_Exercise brief_
Your reply should consist of the entries, copied exactly and stripped of images.

_Information given_
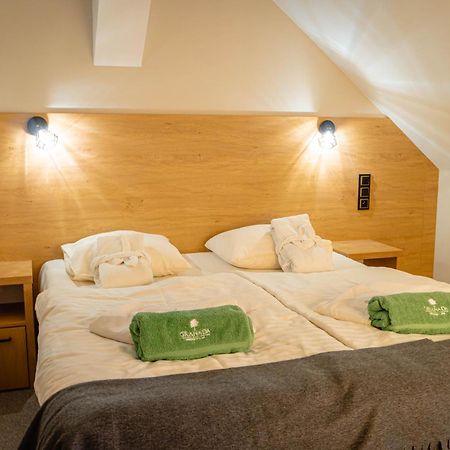 Granada Pensjonat & Spa 두슈니키 즈드로지 외부 사진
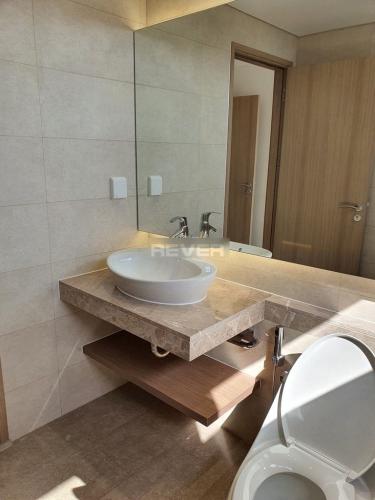 Phòng tắm Urban Hill, Quận 7 Căn hộ Urban Hill tầng trung, nội thất cơ bản.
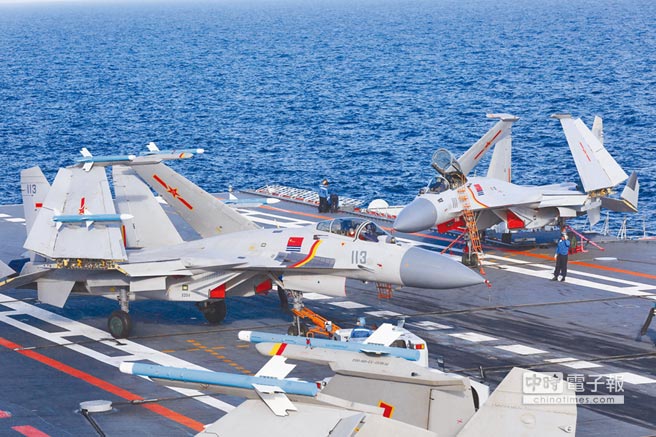 遼寧艦上戰機進行彈藥準備。（取自中國軍網）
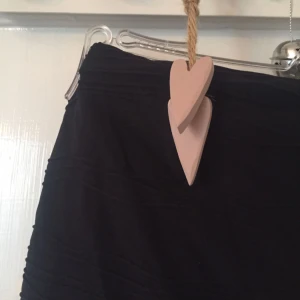  - Säljer denna tajta svarta kjolen! Snygg till fest men även till vardags💕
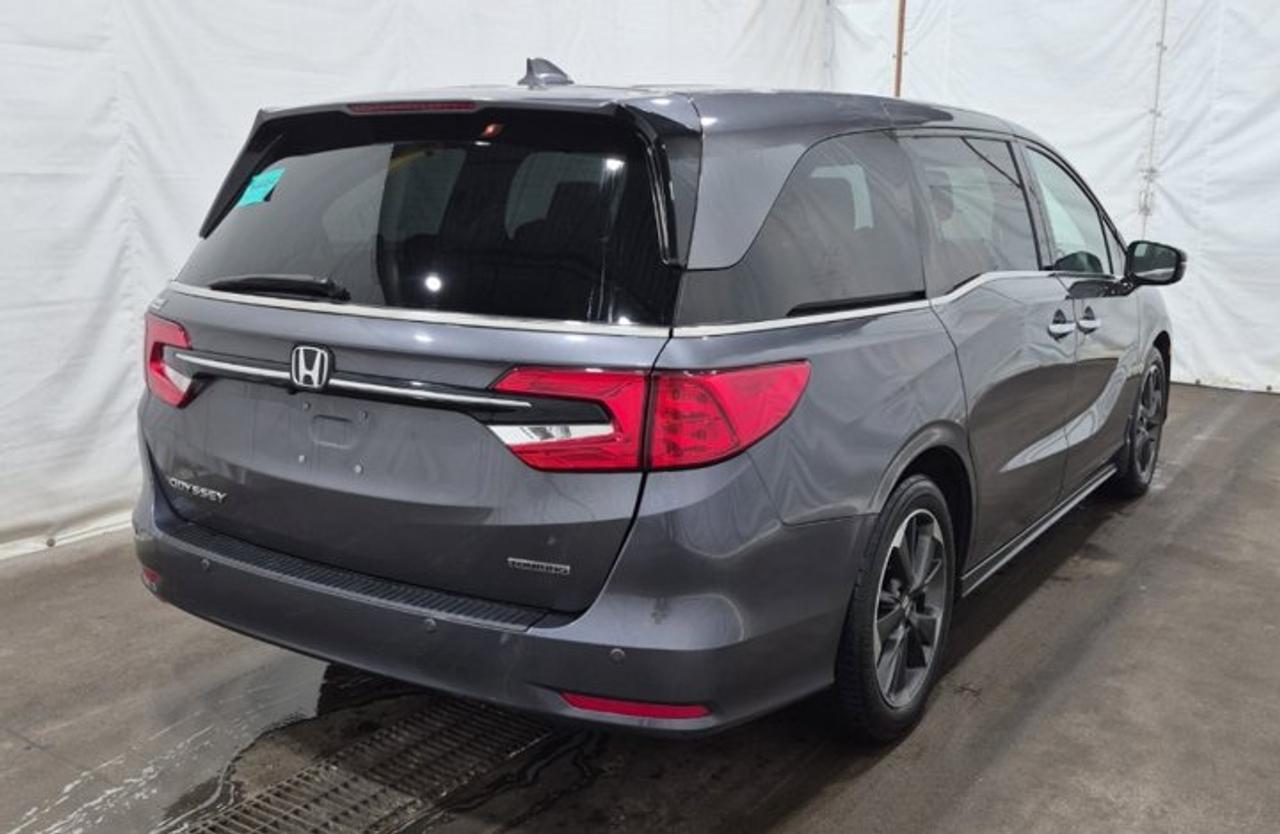 2022 Honda Odyssey Touring | Leather | DVD | Sunroof | Nav | Cooled + Heated Seats | Heated Wheel | and More ! Photo
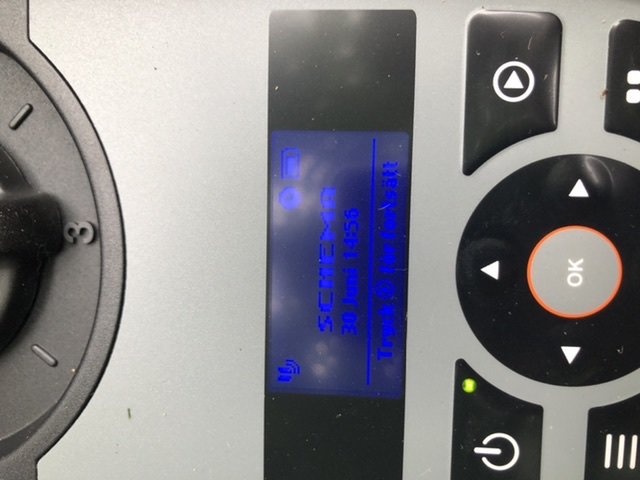 Närbild av displayen på en Smart Sileno Life 750 robotgräsklippare som visar schema-inställningar.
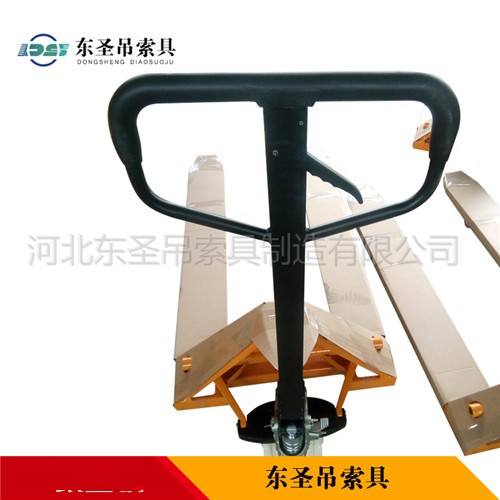 手拉葫蘆叉車產(chǎn)品展示--河北東圣吊索具制造有限公司--手動(dòng)叉車|液壓堆高車|石材夾具|小型攪拌機(jī)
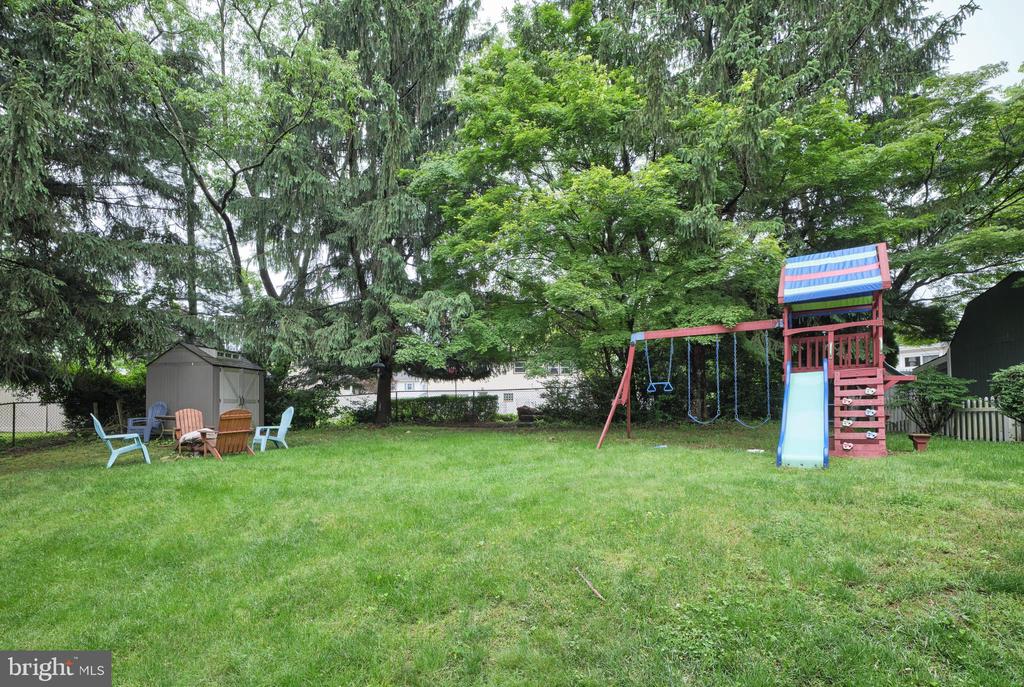 408 W BRISTOL ROAD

_Solution to this problem_
 Granada Pensjonat & Spa 두슈니키 즈드로지 외부 사진
 Phòng tắm Urban Hill, Quận 7 Căn hộ Urban Hill tầng trung, nội thất cơ bản.
 遼寧艦上戰機進行彈藥準備。（取自中國軍網）
  - Säljer denna tajta svarta kjolen! Snygg till fest men även till vardags💕
 2022 Honda Odyssey Touring | Leather | DVD | Sunroof | Nav | Cooled + Heated Seats | Heated Wheel | and More ! Photo
 Närbild av displayen på en Smart Sileno Life 750 robotgräsklippare som visar schema-inställningar.
 手拉葫蘆叉車產(chǎn)品展示--河北東圣吊索具制造有限公司--手動(dòng)叉車|液壓堆高車|石材夾具|小型攪拌機(jī)
 408 W BRISTOL ROAD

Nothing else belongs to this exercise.